Ce grand et majestueux roi David représente tout les hommes droits, sincères et religieux de toutes les grandes religions ! Pourquoi mettions-nous une limite à l'amour de Dieu et à l'universalité du salut apporté par le Christ ?
Sainte Cécile
Mais n'oublions pas pour autant notre chère Sainte Cécile ! Car, tout de même, la tranche d'humanité qu'elle représente, et dont nous sommes pour la plupart, a valeur précieuse aux yeux de Dieu !
Il s'agit, cette fois, des baptisés, des membres conscients de l'Eglise fondée par le Christ...
Levez les yeux au ciel
Là-haut, une trouée de lumière ! Un appel vers l'infini ! Et cet infini semble se déverser vers vous grâce à l'heureux mariage des arêtes de la voûte gothique et des corniches curvilignes de la montre.
Ne voyez-vous pas qu'il y a là comme un immense coeur renversé, et qui déverse de la lumière, incliné vers vous ? Suger, que l'on pense originaire de Saint-Omer (?!), a créé, dit-on, le style gothique parce qu'il voulait que la lumière, que beaucoup de lumière, jaillisse en haut des voûtes des églises... Mais, souvent, les buffets d'orgue ne peuvent que s'adosser à une muraille aveugle ! Ici, on a respecté la source de lumière : le buffet d'orgue s'est incliné pour lui livrer passage !

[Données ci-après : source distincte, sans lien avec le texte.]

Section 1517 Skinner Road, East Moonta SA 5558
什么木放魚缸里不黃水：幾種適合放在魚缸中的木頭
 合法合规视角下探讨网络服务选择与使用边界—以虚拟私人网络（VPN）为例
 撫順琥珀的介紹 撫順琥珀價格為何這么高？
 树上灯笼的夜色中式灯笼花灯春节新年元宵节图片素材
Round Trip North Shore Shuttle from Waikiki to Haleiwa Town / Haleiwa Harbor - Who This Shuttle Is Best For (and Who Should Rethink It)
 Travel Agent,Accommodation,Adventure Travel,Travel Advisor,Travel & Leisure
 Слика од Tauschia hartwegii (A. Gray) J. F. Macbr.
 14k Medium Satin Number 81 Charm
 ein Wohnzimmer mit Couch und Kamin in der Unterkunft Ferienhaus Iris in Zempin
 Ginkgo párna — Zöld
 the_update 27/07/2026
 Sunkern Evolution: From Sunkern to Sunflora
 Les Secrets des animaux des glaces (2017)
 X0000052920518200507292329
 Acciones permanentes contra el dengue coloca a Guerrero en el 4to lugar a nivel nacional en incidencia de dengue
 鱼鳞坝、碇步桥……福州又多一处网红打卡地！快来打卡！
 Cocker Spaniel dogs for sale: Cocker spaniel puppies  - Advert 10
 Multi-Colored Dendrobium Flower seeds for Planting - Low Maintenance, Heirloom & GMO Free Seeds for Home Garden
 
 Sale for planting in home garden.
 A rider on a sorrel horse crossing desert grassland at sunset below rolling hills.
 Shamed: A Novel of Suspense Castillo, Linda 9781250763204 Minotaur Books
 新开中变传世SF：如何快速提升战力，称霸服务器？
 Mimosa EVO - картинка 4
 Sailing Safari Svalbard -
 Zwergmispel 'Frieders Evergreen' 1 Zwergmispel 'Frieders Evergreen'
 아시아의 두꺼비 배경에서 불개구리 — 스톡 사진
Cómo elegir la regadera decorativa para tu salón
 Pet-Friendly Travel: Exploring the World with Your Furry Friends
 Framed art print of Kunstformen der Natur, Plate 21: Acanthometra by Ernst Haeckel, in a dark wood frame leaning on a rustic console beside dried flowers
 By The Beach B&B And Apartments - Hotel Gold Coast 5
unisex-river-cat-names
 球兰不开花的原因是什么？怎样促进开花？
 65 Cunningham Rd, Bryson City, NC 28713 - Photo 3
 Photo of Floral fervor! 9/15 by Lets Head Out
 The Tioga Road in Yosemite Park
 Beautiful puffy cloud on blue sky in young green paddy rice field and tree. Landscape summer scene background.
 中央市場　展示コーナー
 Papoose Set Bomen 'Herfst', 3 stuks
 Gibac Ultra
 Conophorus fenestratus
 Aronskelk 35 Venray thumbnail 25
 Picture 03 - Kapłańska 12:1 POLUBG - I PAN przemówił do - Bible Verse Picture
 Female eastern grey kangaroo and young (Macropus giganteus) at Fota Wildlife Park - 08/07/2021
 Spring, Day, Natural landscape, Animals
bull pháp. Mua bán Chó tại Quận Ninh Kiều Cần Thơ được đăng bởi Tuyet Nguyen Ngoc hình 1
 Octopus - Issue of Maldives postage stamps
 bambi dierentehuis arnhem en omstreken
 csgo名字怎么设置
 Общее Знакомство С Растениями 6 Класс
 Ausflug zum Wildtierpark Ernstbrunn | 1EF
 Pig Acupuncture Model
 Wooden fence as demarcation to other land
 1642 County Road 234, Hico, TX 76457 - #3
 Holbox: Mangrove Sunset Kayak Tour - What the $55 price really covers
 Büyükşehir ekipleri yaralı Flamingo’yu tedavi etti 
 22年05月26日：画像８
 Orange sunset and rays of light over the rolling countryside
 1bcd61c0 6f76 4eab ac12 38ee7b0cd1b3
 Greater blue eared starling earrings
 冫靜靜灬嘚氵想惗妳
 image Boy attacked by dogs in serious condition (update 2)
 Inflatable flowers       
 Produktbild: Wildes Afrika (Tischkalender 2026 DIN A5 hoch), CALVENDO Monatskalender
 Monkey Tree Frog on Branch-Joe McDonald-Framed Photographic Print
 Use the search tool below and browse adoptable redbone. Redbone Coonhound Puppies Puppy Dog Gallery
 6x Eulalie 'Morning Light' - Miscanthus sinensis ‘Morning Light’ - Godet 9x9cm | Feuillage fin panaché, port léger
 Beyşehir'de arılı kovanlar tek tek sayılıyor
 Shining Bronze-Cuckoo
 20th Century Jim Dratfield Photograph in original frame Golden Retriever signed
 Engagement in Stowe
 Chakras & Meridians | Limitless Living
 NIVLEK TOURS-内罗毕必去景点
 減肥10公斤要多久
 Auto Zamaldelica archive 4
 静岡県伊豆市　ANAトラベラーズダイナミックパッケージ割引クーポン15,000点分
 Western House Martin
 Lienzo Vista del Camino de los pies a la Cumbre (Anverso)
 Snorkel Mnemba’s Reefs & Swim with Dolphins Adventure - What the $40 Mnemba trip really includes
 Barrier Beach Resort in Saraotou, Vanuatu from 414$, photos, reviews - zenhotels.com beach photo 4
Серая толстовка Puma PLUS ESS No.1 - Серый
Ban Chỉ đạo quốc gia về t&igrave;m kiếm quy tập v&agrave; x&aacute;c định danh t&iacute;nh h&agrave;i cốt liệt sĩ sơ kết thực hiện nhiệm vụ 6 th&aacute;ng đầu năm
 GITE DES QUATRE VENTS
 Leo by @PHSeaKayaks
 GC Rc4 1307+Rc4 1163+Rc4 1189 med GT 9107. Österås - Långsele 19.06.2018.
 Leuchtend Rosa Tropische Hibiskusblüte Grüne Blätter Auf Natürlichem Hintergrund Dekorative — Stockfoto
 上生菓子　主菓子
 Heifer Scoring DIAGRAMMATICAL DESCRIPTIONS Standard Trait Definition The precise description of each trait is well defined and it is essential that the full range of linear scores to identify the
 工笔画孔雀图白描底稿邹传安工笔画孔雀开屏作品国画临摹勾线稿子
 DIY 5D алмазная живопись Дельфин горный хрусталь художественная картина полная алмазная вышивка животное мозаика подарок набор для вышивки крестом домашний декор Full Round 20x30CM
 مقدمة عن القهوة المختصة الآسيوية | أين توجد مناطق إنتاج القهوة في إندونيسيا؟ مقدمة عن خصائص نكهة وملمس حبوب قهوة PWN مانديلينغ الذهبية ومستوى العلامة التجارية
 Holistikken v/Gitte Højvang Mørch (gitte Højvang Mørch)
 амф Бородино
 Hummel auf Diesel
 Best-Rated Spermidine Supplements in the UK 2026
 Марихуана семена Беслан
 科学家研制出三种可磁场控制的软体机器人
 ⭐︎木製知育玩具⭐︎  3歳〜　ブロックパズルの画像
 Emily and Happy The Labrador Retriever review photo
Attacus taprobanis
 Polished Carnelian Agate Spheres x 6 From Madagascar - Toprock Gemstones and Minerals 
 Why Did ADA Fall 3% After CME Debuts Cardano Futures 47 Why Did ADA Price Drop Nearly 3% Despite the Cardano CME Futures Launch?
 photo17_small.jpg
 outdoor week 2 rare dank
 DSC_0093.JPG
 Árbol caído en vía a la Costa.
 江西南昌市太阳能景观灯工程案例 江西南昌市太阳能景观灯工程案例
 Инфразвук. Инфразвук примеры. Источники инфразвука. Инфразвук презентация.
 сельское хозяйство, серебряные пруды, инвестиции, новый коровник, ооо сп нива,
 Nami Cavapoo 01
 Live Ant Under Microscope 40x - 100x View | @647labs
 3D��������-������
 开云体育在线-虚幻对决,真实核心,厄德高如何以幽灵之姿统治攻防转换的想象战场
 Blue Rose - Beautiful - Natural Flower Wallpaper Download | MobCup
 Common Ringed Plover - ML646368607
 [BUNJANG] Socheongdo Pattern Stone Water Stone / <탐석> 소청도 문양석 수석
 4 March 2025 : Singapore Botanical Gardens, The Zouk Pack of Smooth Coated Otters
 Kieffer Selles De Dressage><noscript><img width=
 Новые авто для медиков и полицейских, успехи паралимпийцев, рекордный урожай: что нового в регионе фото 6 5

Et il y a plus : dans les nervures flamboyantes de la fenêtre haute de la tour, lorsque l'on est bien dans l'axe, on voit se dessiner un Triangle, image classique de la Sainte Trinité, juste derrière l'Enfant-Jésus !
Les anges
Les deux grands anges sonneurs de trompette, dont le contre-jour découpe l'élégance des gestes et la fluidité des tuniques, et les deux anges placés plus bas qui jouent de la conque marine et du serpent, représentent tous les Esprits célestes, et ils ne cessent pas de chanter la Gloire de Dieu ! En effet, sur l'étendard bleu de chaque trompettiste, on peut lire, en lettres d'or, le chronogramme suivant : « eXCeLsI In LaVDeM » (à la Louange du Très-Haut) et les lettres majuscules indiquent 1717, date de l'achèvement du buffet.
Jésus-enfant
Mais, planté sur la terre, voici l'Enfant-Jésus ! On le dirait propulsé par la trouée de Lumière ! Il est là, aérien, intemporel, il a déjà les attributs du Ressuscité du matin de Pâques : l'auréole triomphale ceint sa chevelure, et de la hampe de la croix, qui est l'Etendard Pascal, il vise la tête de l'antique serpent. Pourquoi donc ce Jésus-Enfant, frêle et léger, et non pas le Christ en croix, le Christ enseignant, le Christ Pantocrator, le Christ du jugement dernier... Oui, pourquoi ? Sans doute pour évoquer ce que la théologie appelle « le Mystère de l'Incarnation » et pour nous redire que le Fils de Dieu est bien celui qui est venu dans l'humilité. Et s'il est ainsi planté sur la terre, n'est-ce pas pour y planter, à son tour, l'Eglise qui sera son corps Mystique ?...
Les hommes
Ceux-ci sont représentés, au milieu du buffet, par un globe terrestre tout rond et tout bleu, posé comme en équilibre sur la tourelle centrale, et tout irait pour le mieux, s'il n'était pas encerclé, enserré, étouffé, par le Serpent du Mal ! La Bible ne nous a-t-elle pas dit que le désordre originel a détourné l'homme de son Dieu et a fermé sa bouche et son coeur à la Louange ? Si l'homme n'est pas d'abord libéré du mal, il ne saurait chanter la gloire de Dieu, il ne saurait donner à son Créateur, la libre louange.